I can't quite tell what the bottom pan is made of, but if be careful since it's made of plastic. Your rats might decide to chew through it one day


----------



## Veer (Jan 2, 2021)

Tehy do not care for the chewing so far. And if they did, also the cage does not have a good starting point if they wanted to.
They have different gnaw toys and are fine with it. I will keep it in mind offcourse and keep an eye on them.


----------



## VivDaRatLuver (Dec 26, 2020)

I had a Savic Zeno 3 empire for my girls and yours looks similar. the plastic is pretty thick and mine never chewed through it.


----------



## Veer (Jan 2, 2021)

is it possible to make a tower from 2 savic zeno cages?
i would like to doe this, but make one cage, so without leaving the pan from the upper cage in it. just put the bars on top of the cage i have now. is this possible? any ideas on how to do this, without making it instable or looking cheap?
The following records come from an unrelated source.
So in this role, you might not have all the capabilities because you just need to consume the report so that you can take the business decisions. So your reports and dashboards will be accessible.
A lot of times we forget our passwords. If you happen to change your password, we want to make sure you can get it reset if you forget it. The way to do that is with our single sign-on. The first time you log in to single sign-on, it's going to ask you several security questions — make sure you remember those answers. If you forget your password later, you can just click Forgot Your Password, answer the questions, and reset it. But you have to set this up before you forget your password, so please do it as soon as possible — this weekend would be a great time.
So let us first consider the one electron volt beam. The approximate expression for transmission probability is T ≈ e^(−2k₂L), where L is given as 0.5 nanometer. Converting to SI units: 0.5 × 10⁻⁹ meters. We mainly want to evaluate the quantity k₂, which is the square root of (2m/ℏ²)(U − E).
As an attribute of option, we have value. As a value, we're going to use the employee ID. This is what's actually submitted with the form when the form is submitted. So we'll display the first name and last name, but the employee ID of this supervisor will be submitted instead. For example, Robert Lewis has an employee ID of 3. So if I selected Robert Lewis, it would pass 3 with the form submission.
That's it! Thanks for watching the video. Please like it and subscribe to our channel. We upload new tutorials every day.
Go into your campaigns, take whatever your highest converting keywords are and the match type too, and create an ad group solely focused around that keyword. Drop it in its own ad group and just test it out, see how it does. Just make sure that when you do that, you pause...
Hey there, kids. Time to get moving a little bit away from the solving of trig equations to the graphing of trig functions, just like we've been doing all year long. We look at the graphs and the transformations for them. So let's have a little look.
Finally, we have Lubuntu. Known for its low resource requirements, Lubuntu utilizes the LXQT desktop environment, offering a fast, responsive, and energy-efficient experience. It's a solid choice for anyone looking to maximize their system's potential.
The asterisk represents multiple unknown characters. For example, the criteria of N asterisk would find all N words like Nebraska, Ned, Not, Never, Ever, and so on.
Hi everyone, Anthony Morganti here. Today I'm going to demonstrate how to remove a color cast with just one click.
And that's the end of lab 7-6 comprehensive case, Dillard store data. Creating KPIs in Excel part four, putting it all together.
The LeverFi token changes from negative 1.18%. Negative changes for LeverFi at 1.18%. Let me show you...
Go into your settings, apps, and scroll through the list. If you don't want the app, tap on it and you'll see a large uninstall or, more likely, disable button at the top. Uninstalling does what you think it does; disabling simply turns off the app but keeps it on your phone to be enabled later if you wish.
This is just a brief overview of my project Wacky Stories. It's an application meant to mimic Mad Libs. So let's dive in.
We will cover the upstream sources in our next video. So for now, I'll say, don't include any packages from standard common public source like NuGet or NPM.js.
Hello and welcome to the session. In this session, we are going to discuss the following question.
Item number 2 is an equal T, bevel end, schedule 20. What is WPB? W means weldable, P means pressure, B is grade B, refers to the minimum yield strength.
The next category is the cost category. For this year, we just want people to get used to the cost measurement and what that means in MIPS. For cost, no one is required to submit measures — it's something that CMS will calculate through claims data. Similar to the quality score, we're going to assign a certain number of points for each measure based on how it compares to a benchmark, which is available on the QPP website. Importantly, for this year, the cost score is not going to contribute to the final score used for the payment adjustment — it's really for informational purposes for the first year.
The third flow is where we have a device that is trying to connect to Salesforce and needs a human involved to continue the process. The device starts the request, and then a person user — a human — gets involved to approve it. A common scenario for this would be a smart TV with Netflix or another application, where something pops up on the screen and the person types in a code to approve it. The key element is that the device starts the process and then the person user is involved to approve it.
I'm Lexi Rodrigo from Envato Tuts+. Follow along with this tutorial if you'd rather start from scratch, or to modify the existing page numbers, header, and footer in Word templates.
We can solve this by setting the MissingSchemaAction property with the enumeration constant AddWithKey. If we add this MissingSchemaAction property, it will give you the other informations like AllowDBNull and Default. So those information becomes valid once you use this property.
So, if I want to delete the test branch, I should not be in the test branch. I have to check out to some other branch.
i would love to see some instructions and pictures!


----------



## VivDaRatLuver (Dec 26, 2020)

I'm not sure. Maybe cut about 6 in from each plastic rod on one cage and three on the ones from the other cage then put the 6in piece between the two cages, (does that make sense) and put the rest of the pieces on above that.


----------



## VivDaRatLuver (Dec 26, 2020)

Sry if that doesn't make sense


----------



## Veer (Jan 2, 2021)

Hmm i think i understand... for now i will keep the cage as it is, but maybe in the future, when one of them staying behind, i would take in 2 new boys, i think maybe the savic zeno 2 is too small for 3 boyd... what do you think?


----------



## Veer (Jan 2, 2021)




----------



## VivDaRatLuver (Dec 26, 2020)

What are the dimensions of the cage?


----------



## Veer (Jan 2, 2021)

w 80cm x d 50cm x h 70cm


----------



## VivDaRatLuver (Dec 26, 2020)

It will be a bit small for three boys. I would connect two or buy a bigger one when you plan to get more rats.


----------



## Veer (Jan 2, 2021)

It is my plan to keep only 2 rats, but when one of them dies (hopefully because of old age) i would take 2 young rats, so would have 3 rats for a while. Not sure if the cage would be big enough for 3.


----------



## Veer (Jan 2, 2021)

Valentine set up  my 2 boys seem happy with it!


----------



## Veer (Jan 2, 2021)

new cage set up, what do you think? is this good for 2 boys? or is it too much, or too little decorated?


----------



## VivDaRatLuver (Dec 26, 2020)

I think it looks great! Seems very active and the color theme is very nice!


----------



## Veer (Jan 2, 2021)

New set up and trying carefresh ultra for the first time.


----------